And even the construction slump has a silver lining in that the economy is continuing to improve slowly even through construction isn't contributing at all.

“We're running on five of six cylinders,” Fuller said.

Pointing to a chart showing unemployment at 9.1 percent, Fuller said the construction pickup “will take a million workers out of this pile” of unemployed people.

Honing in on the construction market, Ken Simonson, chief economist at AGC of America, later told the chamber audience that money spent on construction has a huge ripple effect on the local economy.

Every $1 billion spent on nonresidential construction equates to 28,500 jobs, Simonson said, citing figures Fuller had once presented in Congressional hearings.

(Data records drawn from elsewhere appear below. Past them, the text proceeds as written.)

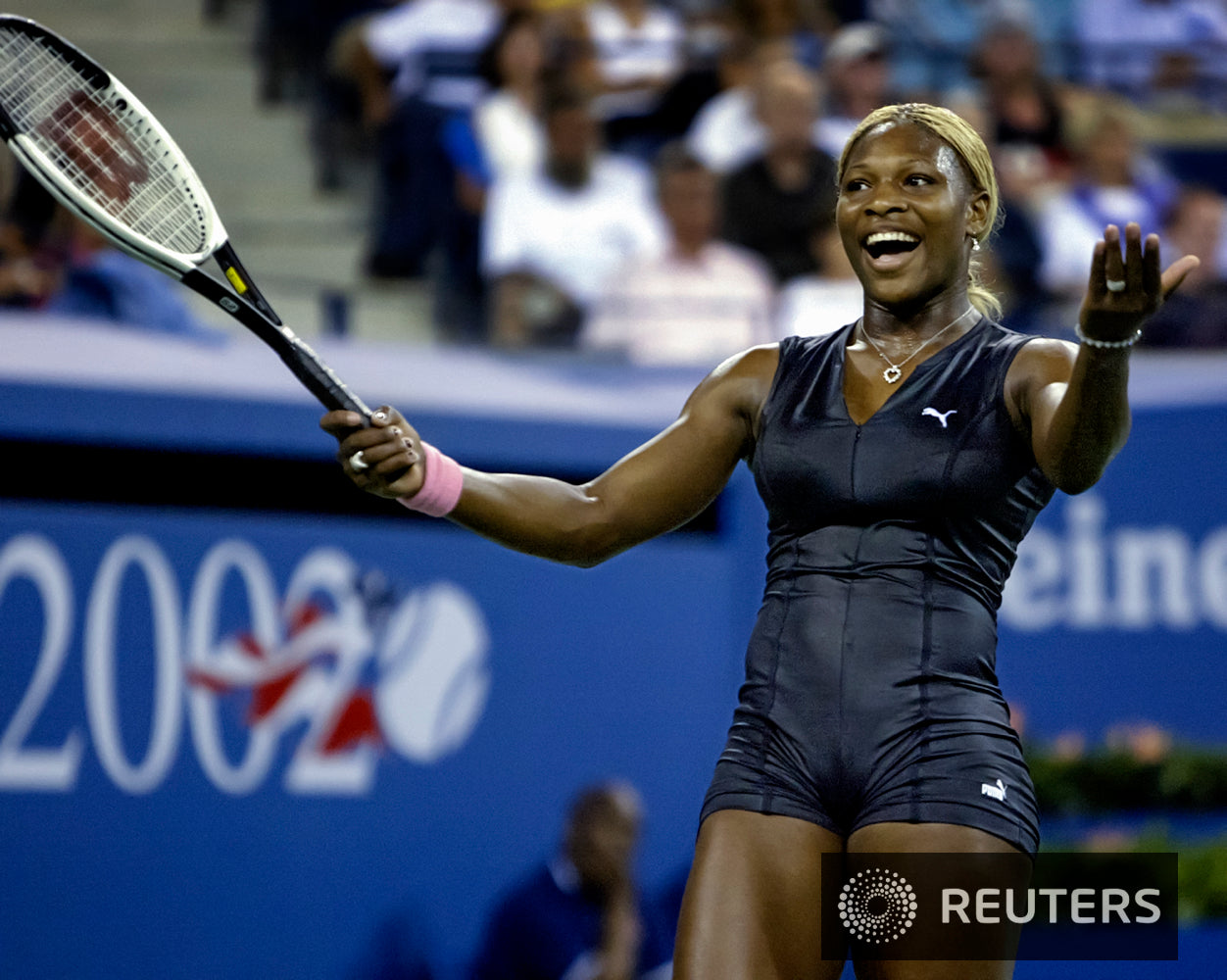 2002-08-26 Serena in black leather US open RS21782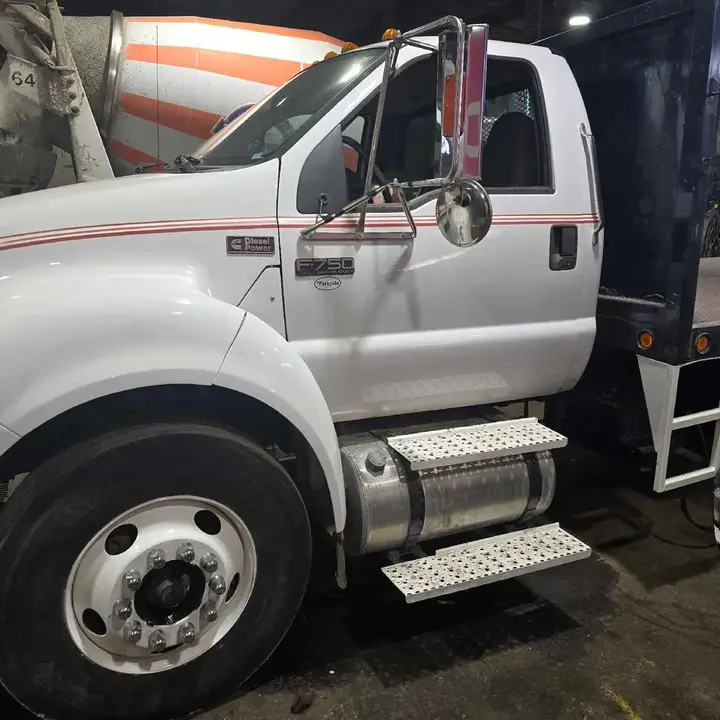 Ford F-750 2009 photo 2
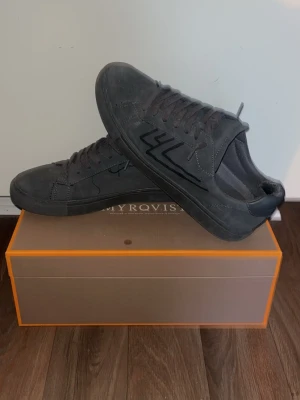 Gråa sneakers - Gråa snygga sneakers!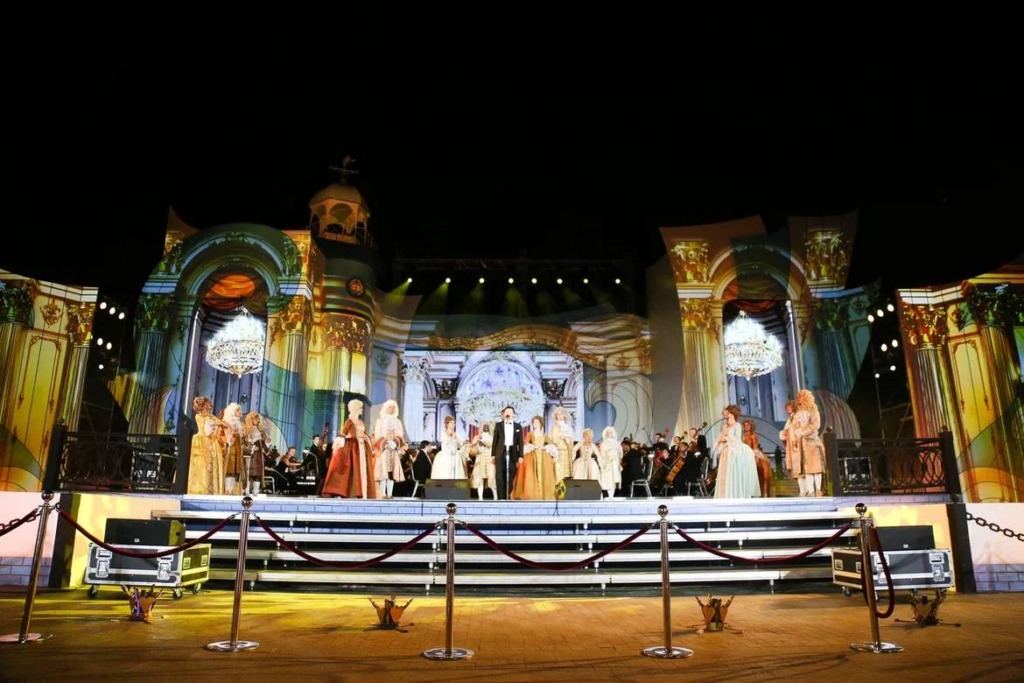 Эльчин Азизов выступил на открытии международного фестиваля "Каспийские сезоны" в Астрахани (ФОТО)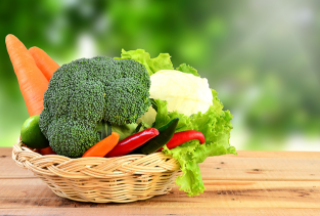 皮肤发黄吃什么食物去黄？皮肤发黄要吃这些食物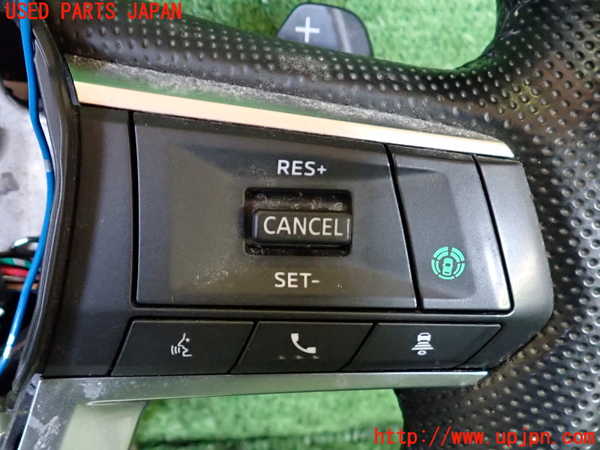 2UPJ-9241887855]アウトランダーPHEV(GN0W)ステアリングホイール 中古_2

Those jobs aren't just construction workers, Simonson said. Only one-third of those jobs are “hard-hats.” One-sixth are supporting positions in quarries and professional services like architects.

The other half? Those are jobs that come from the money the others spend on food, utilities and other products and services.

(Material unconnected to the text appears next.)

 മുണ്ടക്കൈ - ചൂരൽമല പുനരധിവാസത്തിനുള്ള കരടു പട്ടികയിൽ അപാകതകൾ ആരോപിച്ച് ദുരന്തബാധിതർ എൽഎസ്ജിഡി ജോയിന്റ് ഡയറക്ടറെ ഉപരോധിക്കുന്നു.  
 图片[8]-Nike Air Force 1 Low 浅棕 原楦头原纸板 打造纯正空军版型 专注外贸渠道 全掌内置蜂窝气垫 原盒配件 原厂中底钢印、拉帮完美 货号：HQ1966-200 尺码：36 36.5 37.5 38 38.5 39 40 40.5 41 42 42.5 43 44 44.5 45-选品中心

So the construction slump has been significantly responsible for the damage to the overall economy but Simonson said better times are ahead.

Between 2012 and 2016, construction “will continue to pick up” both regionally and nationally, he said.

“We won't have nearly as much” construction on single family homes, government offices or retail, but “power construction” – plants and mining operations to create various types of energy and fuel – will be on the rise.

As for new home construction?

“We've given up forecasting when single family will pick up,” Simonson said. “When it does, it could pick up a lot because it's been so low.”